Here are eight common exercises you’ve definitely heard of before—and for good reason. They’re all classic moves that are great for building strength., muscle, endurance, and stamina. But what happens when you want to graduate from beginner to intermediate and push yourself even further? You don’t need an expensive trainer or fancy gym to dial up the intensity on these tried and true exercises—by adding small tweaks to these common movements, you can transform them into so much more. Incorporating these variations can improve your stability, get you stronger, help build more muscle, increase the overall metabolic demands on your body, and can even push you past your frustrating plateaus.
Brush the dust off your basic routine and add these small variations. You can create a whole new workout program based on one you’ve already been doing. But those small tweaks will lead to some colossal results.
Trap Bar Deadlifts
Performance Variation: Staggered-Stance Trap Bar Deadlift
The setup for this move is slightly different from your conventional trap bar deadlift. Start by assuming a narrow stance with your feet, then step one foot back slightly and drive the ball of the foot/ big toe into the ground as you keep a majority of your weight on the front foot. Grab the bar, brace your trunk and then lift. Do several reps on each side.

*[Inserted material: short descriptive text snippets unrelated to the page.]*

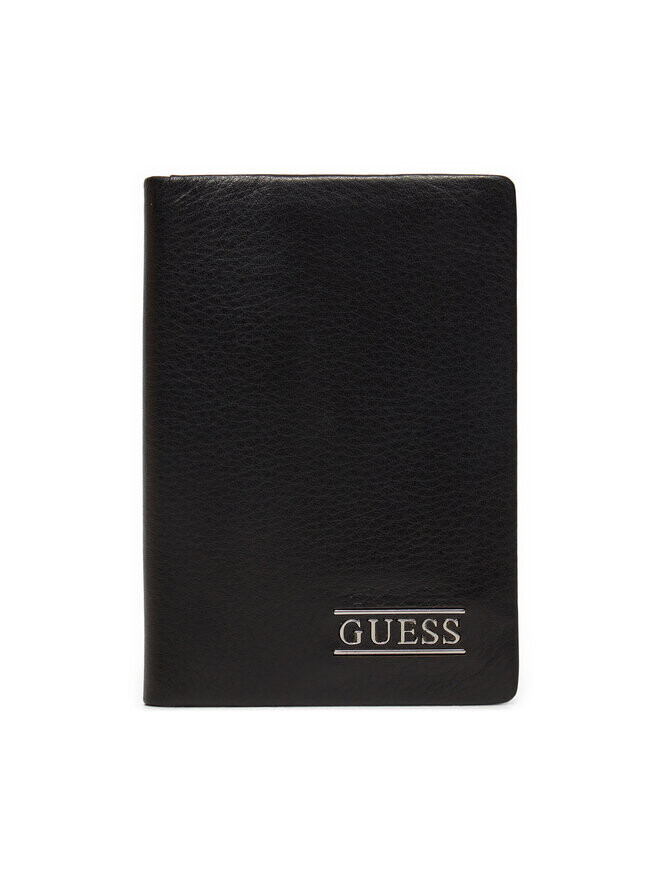 Маленький кошелек Guess, черный
Маленький кошелек Guess, черный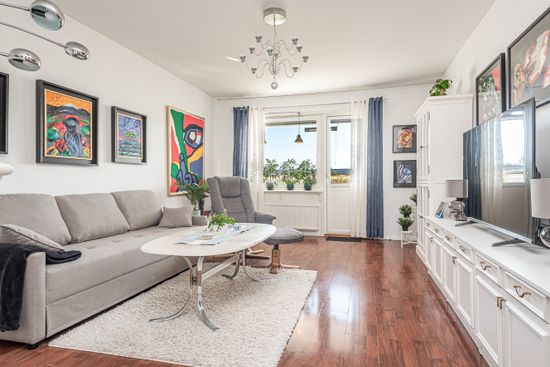 Bostadsrätt, Bryggaregränd 9B, Kvissleby, Sundsvall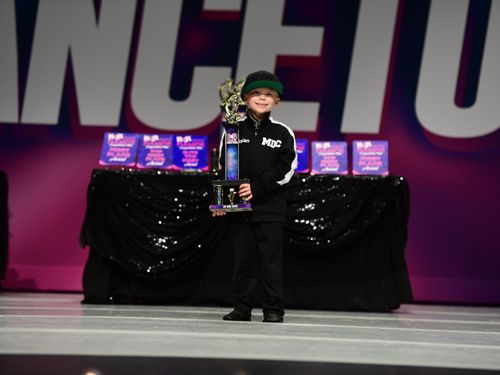 Detroit, MI - 5/20/2022 - Awards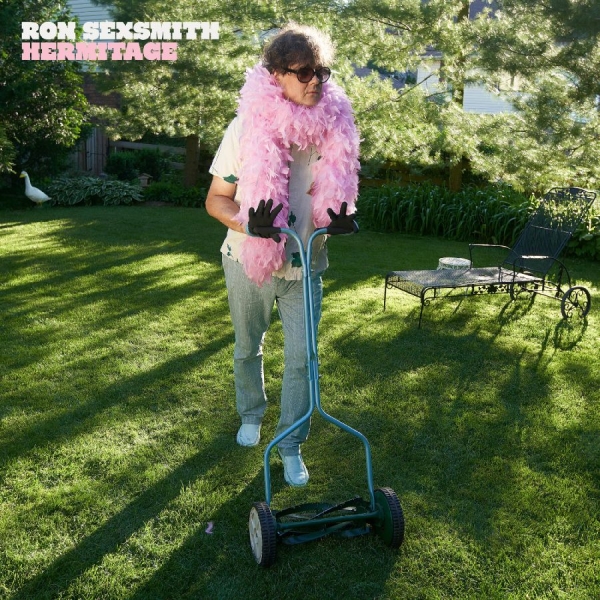 Sexsmith Ron - Hermitage ryhmässä VINYYLI / Myydyimmät @ Bengans Skivbutik AB (3906247)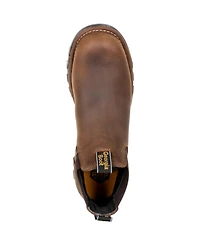 Georgia Boot Men's Eagle One Waterproof Chelsea Work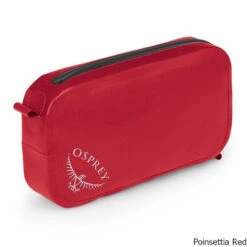 Osprey Waterproof Pocket Pack -CampMate Shop Waterproof Pocket Pack Poinsettia Red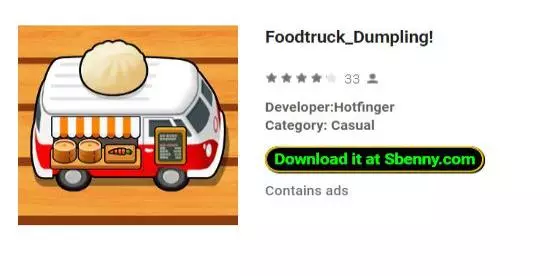 foodtruck dumpling.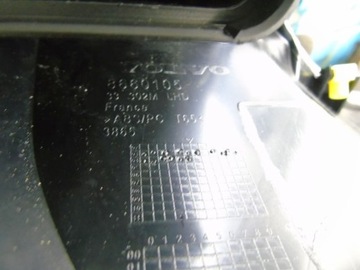 VOLVO V50 КОКПИТ S40 II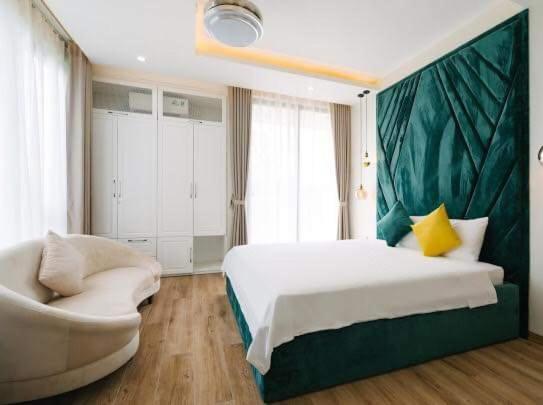 Biệt thự Bom Homes - Flamigo Dai Lai Cbt *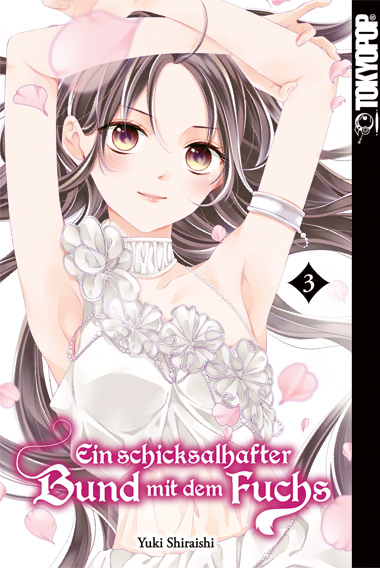 Ein schicksalhafter Bund mit dem Fuchs 03 - Yuki Shiraishi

In comparison to a conventional trap bar deadlift, this move will help promote single-leg strength and lower-body joint stability.
Chest Supported Row
Performance Variation: Seesaw Chest-Supported Row
The set up for this move is exactly the same as it would for a chest-supported row. The main difference is that you will keep your arms/elbows drawn back as you sustain a static hold, letting one dumbbell down at a time. Keep the elbows drawn back to create more time under tension to help build more muscle and strength with your pull movements.
Dumbbell Chest Press
Performance Variation: Single-Arm Dumbbell Chest Press
The primary difference between this and your normal dumbbell chest press is that you’re using one dumbbell instead of two. Set yourself up as you would your conventional dumbbell press, keeping your shoulders packed and trunk braced. Place your arms at about a 45-degree angle as it would be in a pushup and most chest presses. Keep control of the weight at all times, and that will dictate your tempo.

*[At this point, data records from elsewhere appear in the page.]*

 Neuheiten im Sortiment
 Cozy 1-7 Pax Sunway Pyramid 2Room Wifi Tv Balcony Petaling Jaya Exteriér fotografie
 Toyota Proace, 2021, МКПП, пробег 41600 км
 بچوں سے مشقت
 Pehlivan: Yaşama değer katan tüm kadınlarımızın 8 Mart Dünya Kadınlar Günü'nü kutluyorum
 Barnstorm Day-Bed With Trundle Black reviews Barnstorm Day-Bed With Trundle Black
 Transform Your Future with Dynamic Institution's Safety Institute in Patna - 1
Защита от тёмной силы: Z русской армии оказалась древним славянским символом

The benefits of this variation are you’re building more stability in shoulders and more trunk stability from resisting the rotation of the body while pressing.
Performance Variation: Archer Pullup
The set up for this movement starts by grabbing the bar double width from what you’re accustomed to. Pull yourself towards one arm, allowing it to bend as you go up, while the opposite arm will remain straight. Push down into the bar with the straight arm to assist with the pullup. This move will help build your lats and biceps, as well as prepping your body to do a single arm pullup.
Performance Variation: Banded Planks
Adding a resistance band will amplify the intensity of your regular plank, depending on the tension of the band. The set-up for this move is to grab a resistance band from both ends and wrap it around the small of your back. Assume your plank position with your arms fully locked and the band around your hips. Keep your pelvis rounded, glutes engaged, and keep the band from pulling your lower back down.
Performance Variation: Mountain Climbers With Twist
The setup for this is pretty basic. Start by getting into a prone position with your arms locked out. While maintaining a strong plank, drive one knee towards the opposite elbow and alternate legs. You can add more intensity of this move by increasing speed or duration. By adding the twisting motion to this exercise you’ll start to target the internal and external obliques.
Performance Variation: Tempo Pushups
The primary difference between this and a regular pushup is the time it takes to do. Set up by getting into the starting pushup position. Descend for five seconds, hold at the bottom for five seconds(body should be inches away from the floor with only the hands/feet touching the ground) then push up as fast as you can. Make sure to keep a strong plank position all throughout the movement, keeping a straight line from head to heels.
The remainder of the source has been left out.